BG and I had previously melted some wax granules in an old saucepan and got out paint brushes and the Tjantjing thing for applying a batik resist.  First, we each tried designs on the back of old cotton shirts.  Keeping the wax temperature right turns out to be critical to success.  Too cool and it just sits on the surface of the fabric instead of penetrating through, too hot and it pours out of the Tjantjing into a puddle instead
of a line.  Brushing wax on using leaves for a template, you have to be quick and light handed, or the leaf gets welded on.  Next, we tried out designs on a thicker curtain fabric, 80% cotton and 20% linen.  The looser weave soaked up wax more readily, but by the end of the afternoon, I had despaired of ever keeping the wax temperature right without buying one of those electric heated pans.

When I slid the soaked cotton pieces into the ferrous indigo bucket, green sludge swirled up. Pulling them out after ten minutes, the cotton was coated with slime.
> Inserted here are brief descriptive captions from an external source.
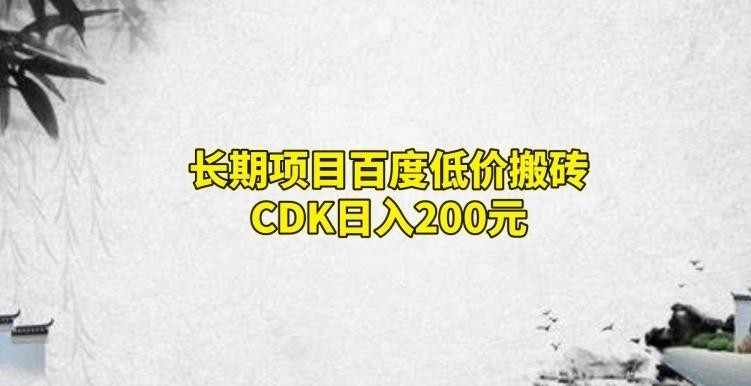 长期项目百度低价搬砖CDK，日入200-云创项目库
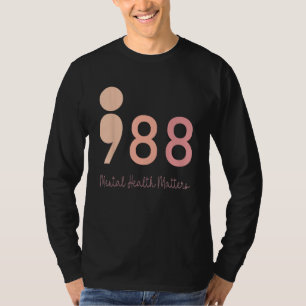 Camiseta 988 Ponto e Vírgula Saúde Mental Importa Prevenção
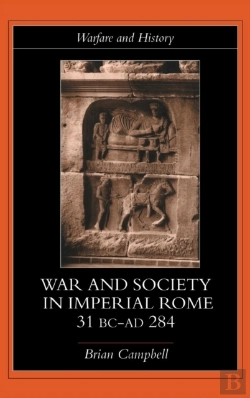 Bertrand.pt - Warfare And Society In Imperial Rome, C. 31 Bc-Ad 280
Graham Keegan writes that immediate rinsing will not remove the indigo, so I plunged the cotton in a bucket of fresh water, hung it up and watched hopefully.  It did go blue, but not very blue, even after several dips.  The cotton/linen mix fabric
took up the indigo better, though I had secretly been hoping for a more dramatic, midnight blue result.  A few days later, I came back to the vat and found the green sediment had settled further down and it was still working well enough to dye cotton pale blue.  A week later, no heat was left in the grass cuttings and no indigo was fixing.  Trying to work out how to 'sharpen' the vat, which was not only cold, but possibly too
green, I stood the bucket in the sun and chucked in an unknown amount of iron in the form of an old jam jar of water with rusty nails.  This did get it blooming a bit, though it only dyed things pale blue.  Enough - I poured the lot down the drain, resolving to add less lime in future for a lower pH and to keep an eye out for a larger, narrower, deeper bucket.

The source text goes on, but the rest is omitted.